Work instruction: Return only the stretch of the material below that begins with the line containing "Spodnie damskie bawełniane" and ends with the line containing "David's Bridal Sleeveless", exactly; both of those lines belong to it.

Excerpted data:
━━━━━━━━━━━━━━━━━━━━

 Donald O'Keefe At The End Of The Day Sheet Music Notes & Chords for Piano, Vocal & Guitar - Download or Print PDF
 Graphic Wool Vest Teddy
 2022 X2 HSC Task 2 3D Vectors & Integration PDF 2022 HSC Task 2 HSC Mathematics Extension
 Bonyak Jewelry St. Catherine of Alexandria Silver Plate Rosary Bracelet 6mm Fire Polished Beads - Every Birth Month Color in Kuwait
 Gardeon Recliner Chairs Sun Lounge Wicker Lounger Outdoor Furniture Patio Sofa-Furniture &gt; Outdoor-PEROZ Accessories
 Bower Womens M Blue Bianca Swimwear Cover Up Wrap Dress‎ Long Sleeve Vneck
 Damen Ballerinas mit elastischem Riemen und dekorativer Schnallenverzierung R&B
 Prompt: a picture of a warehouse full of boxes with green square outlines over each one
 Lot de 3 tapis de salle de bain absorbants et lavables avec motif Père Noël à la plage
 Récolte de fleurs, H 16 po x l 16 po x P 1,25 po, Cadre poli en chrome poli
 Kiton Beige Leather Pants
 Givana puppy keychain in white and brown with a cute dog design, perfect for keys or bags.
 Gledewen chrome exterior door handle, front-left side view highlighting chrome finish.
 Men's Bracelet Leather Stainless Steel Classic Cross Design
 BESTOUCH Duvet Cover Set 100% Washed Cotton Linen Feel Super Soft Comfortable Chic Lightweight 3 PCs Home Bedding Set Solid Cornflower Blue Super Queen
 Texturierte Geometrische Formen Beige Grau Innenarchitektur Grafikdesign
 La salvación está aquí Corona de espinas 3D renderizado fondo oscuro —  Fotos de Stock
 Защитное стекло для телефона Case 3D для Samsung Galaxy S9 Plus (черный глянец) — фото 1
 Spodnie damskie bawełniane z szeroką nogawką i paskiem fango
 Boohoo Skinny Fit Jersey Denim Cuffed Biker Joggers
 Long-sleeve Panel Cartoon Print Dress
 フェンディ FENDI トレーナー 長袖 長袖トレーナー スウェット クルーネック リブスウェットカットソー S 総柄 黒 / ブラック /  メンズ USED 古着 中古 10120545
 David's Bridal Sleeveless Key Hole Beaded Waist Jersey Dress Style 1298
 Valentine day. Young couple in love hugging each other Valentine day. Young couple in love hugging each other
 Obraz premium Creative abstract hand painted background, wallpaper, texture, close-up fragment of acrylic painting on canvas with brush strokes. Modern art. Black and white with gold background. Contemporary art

━━━━━━━━━━━━━━━━━━━━

Written answer:
 Spodnie damskie bawełniane z szeroką nogawką i paskiem fango
 Boohoo Skinny Fit Jersey Denim Cuffed Biker Joggers
 Long-sleeve Panel Cartoon Print Dress
 フェンディ FENDI トレーナー 長袖 長袖トレーナー スウェット クルーネック リブスウェットカットソー S 総柄 黒 / ブラック /  メンズ USED 古着 中古 10120545
 David's Bridal Sleeveless Key Hole Beaded Waist Jersey Dress Style 1298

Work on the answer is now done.